I have already wrote a piece about generating Fibonacci series in **BASH**, here in my blog. But today I am gonna do some practice stuff with **Python**.

We all I guess know about **Fibonacci**. It is connected to nature through the golden ratio and the spirals. It is a very interesting series to learn or research deeply. However, I came to know that there is a day declared as “**Fibonacci Day**” which is every 23rd, November. But why?

Because, **-11-23** is a part of the Fibonacci series. How? The algorithm is –

F0 = 0 F1 = 1 F2 = F1 + F0 = 1 F3 = F2 + F1 = 2 ... F(n) = F(n-1) + F(n-2)

In other words, each element is the sum of the two previous elements. Here are the first few values of the series:

0, 1, 1, 2, 3, 5, 8, 13, 21...

So, 2nd, 3rd, 4th and 5th number of the series is 1123 or it written as 23rd, November.

However, to get the n-th number of the series, we can use recursion.

def fibonacci(n): if n == 0: x = 0 elif n == 1: x = 1 else: x = fibonacci(n-1) + fibonacci(n-2) return x

It does work ok up to 35th number +/- in my 7th Gen Intel Core i5 Laptop. But in 40th number, it took almost 41 seconds !

It should shock anyone.

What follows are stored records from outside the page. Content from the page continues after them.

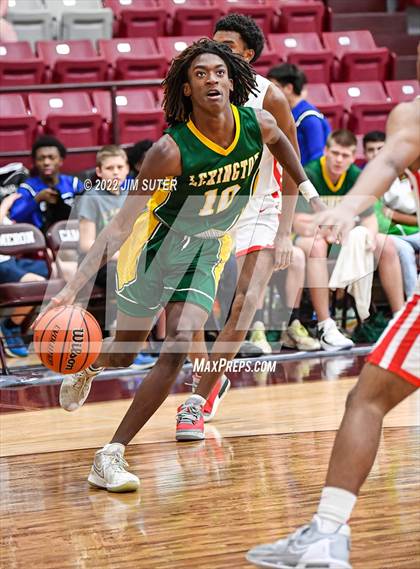 Thumbnail 1 in Lake Belton vs Lexington (Cameron Chamber Christmas Classic) photogallery.
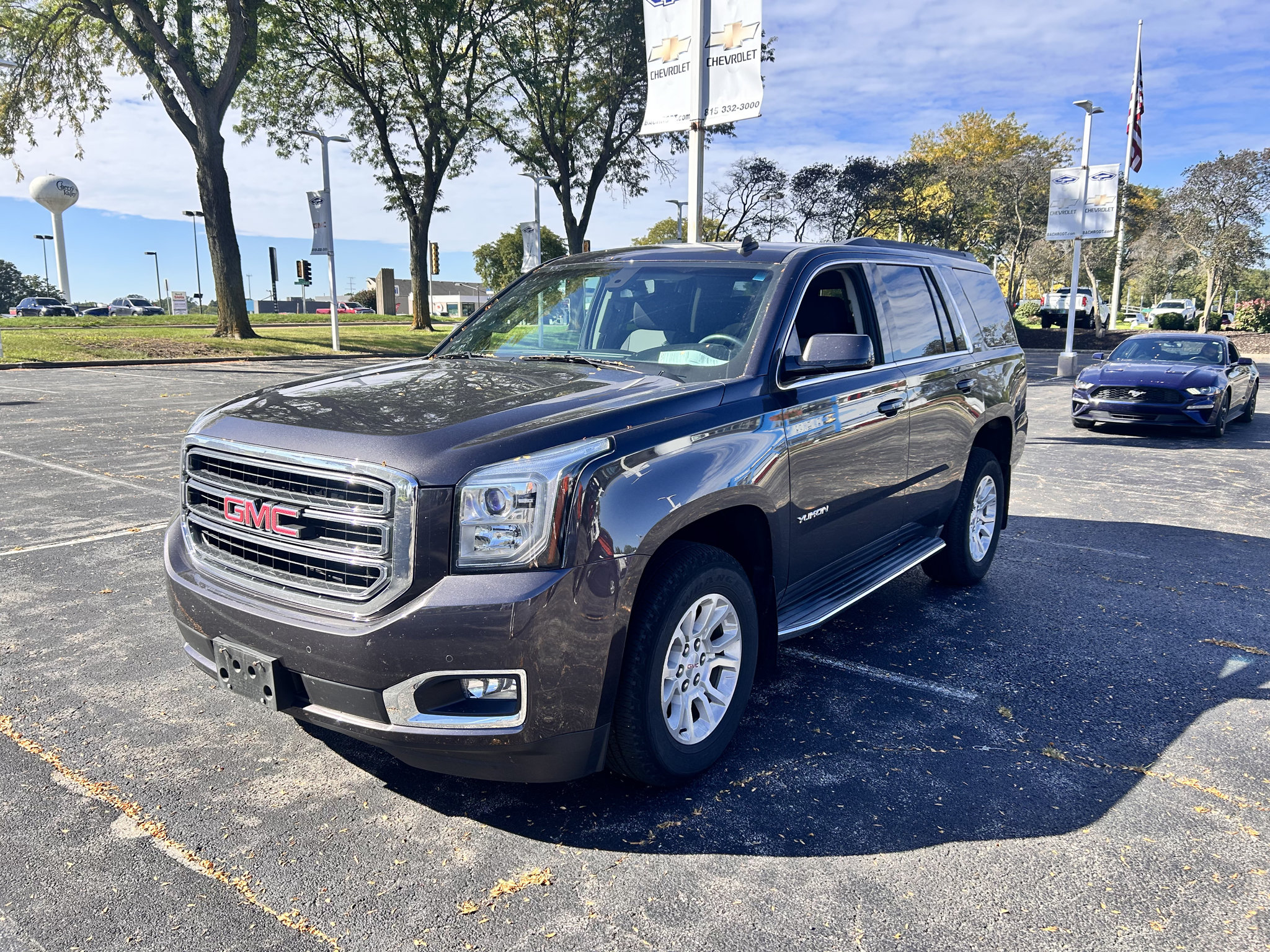 Used 2015 GMC Yukon SLE w/ Convenience Package AWD/4WD image 1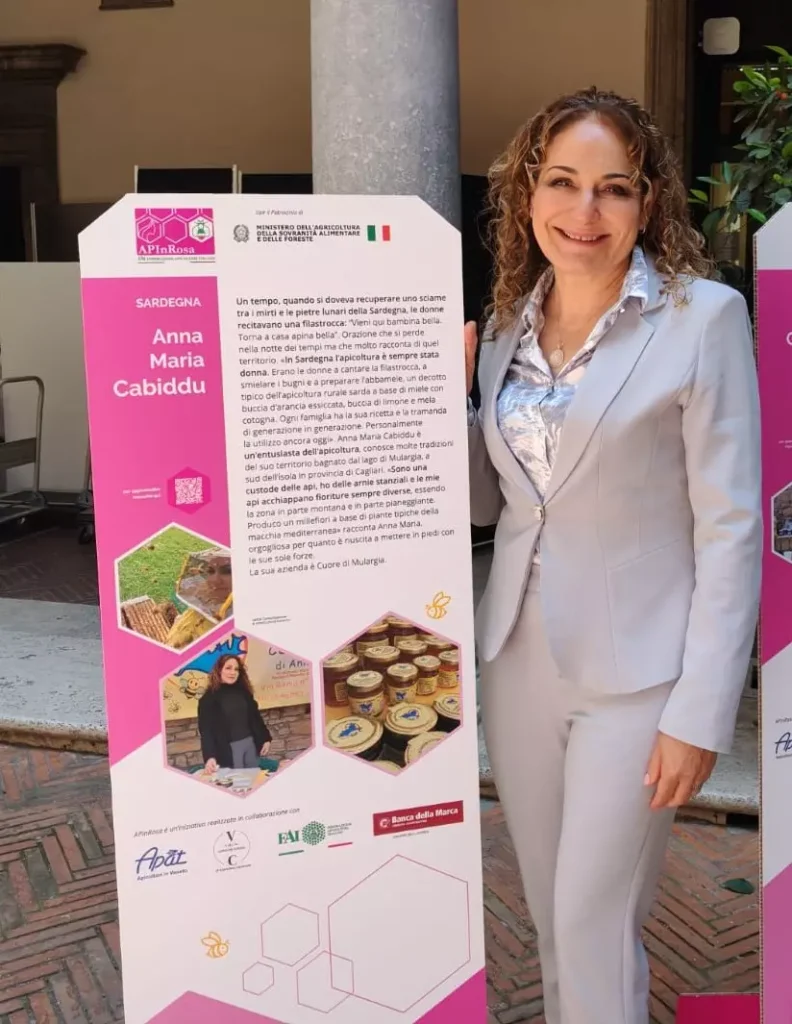 L’Apicoltrice Anna Maria Cabiddu premiata a Roma per APInRosa
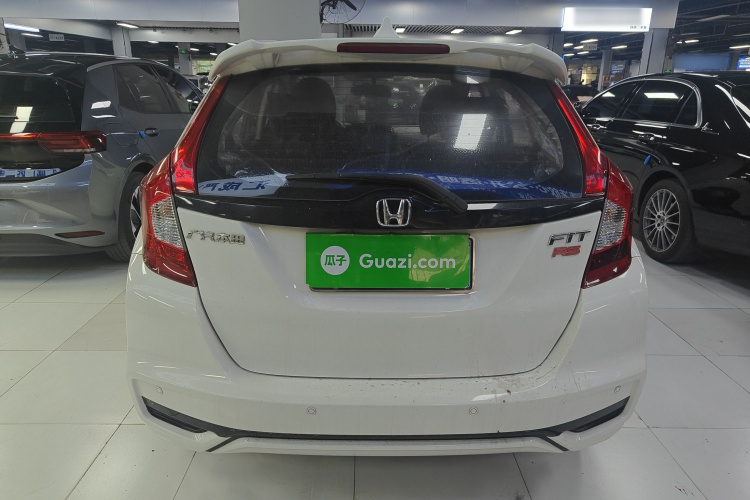 Honda Fit 2018 #6 Honda Fit 2018 car image #6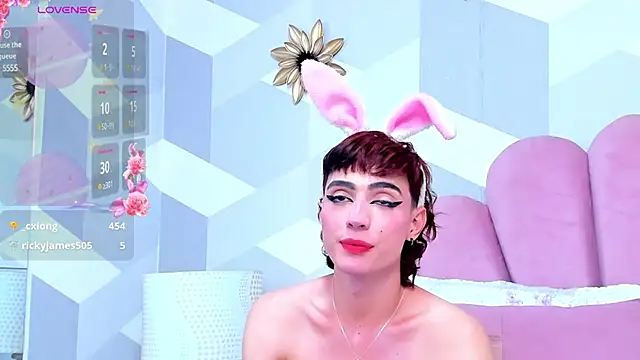 KylieMonnett online show from March 16, 12:45 am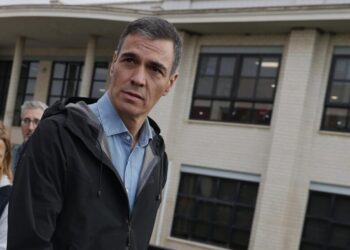 Cientos de personas piden la dimisión de Pedro Sánchez y lo llaman “asesino” frente al barranco del Poyo en Paiporta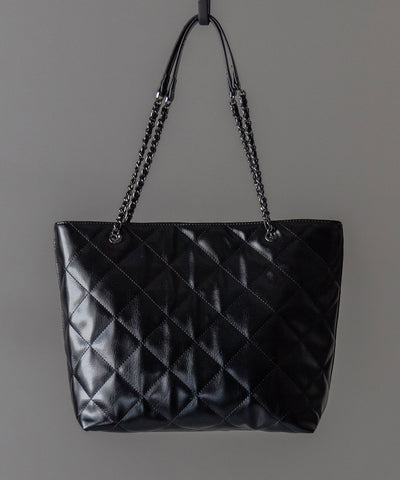 【 ３color ／ A4収納可 】キルティングチェーンスクエアトートショルダーバッグ ／ quilting chain square tote shoulder bag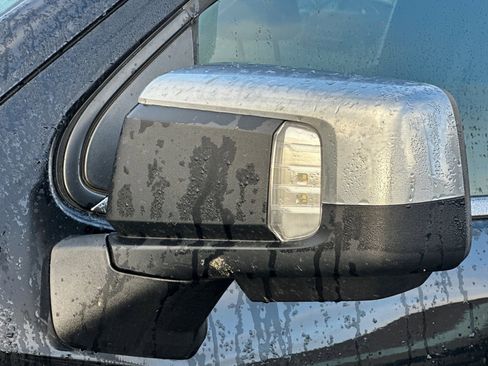 Used 2023 Chevrolet Silverado 1500 High Country w/ High Country Premium Package image 52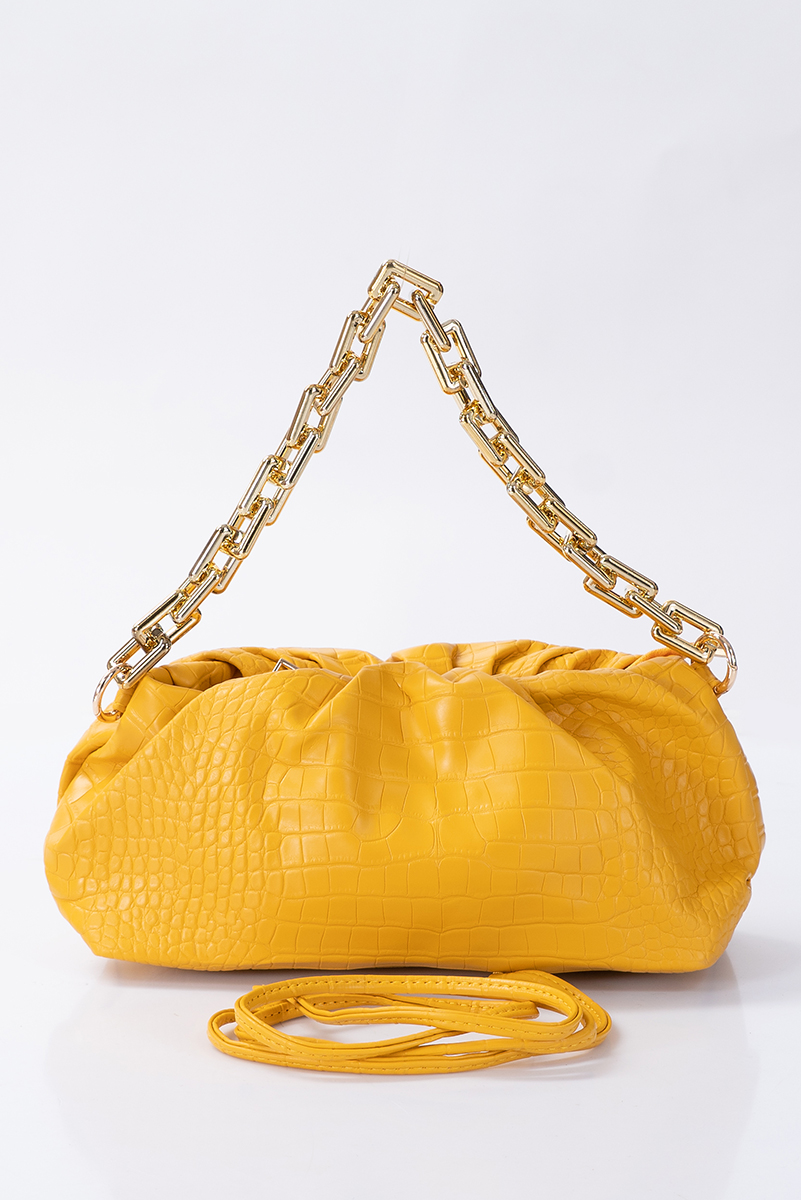 Малка дамска чанта в жълто с къса дръжка от златен синджир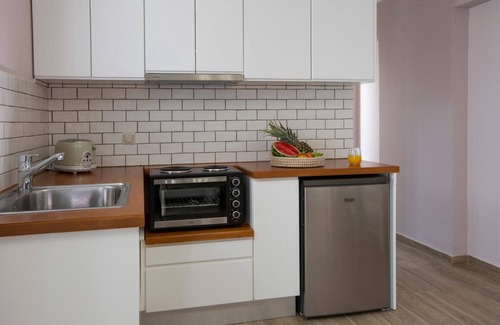 Nidri Apartment | Apartment 'One-Bedroom Suite A' with Balcony and Air Conditioning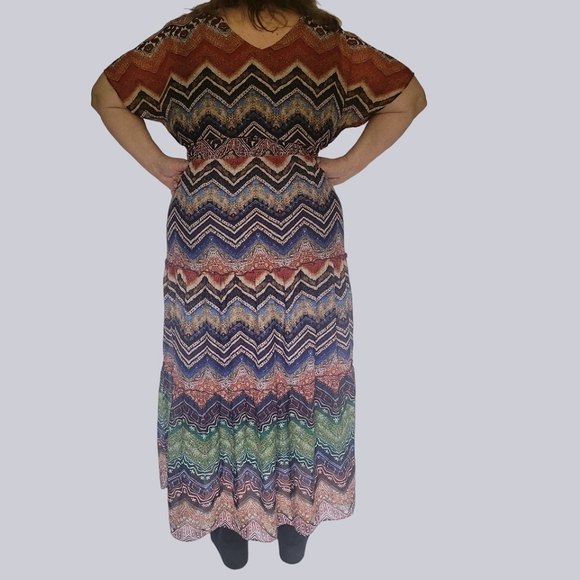 Maxi DRESS Seventh Avenue Multi Color Long, Flowy, Flutter Sleeves Size 16 - Picture 3 of 11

How did I calculate?

import time start_time = time.time() print(fibonacci(40)) end_time = time.time() print("Time required: ", end_time-start_time)

This is odd. Recursion has some limitations in Python. Recursive calls are limited to a depth of 1000.

We are calling Fibonacci function multiple times and with the same argument. But each time we are calculating the value all over again. We know that Fibonacci function has no side effects as every time we call it with a particular value, we will always get the same result.

So, We need is some way to remember all the times it has been called before, store the result, and only calculate it if it is called with a value that has never been seen before.

In this case, We can use lru_cache.

from functools import lru_cache @lru_cache(maxsize=2) def fibonacci(n): if n == 0: x = 0 elif n == 1: x = 1 else: x = fibonacci(n-1) + fibonacci(n-2) return x import time start_time = time.time() print(fibonacci(40)) end_time = time.time() print("Time required: ", end_time-start_time)

Now using **lru_cache**, 40th number comes within 0.29+/- seconds.

Here, “maxsize” is used 2, which means, to remember last 2 it has calculated. If you change it to 1, it will not work as it was working. In my case, it took more than double time: 87.25252437591553 seconds. Which seems to create overhead instead of giving any benefit.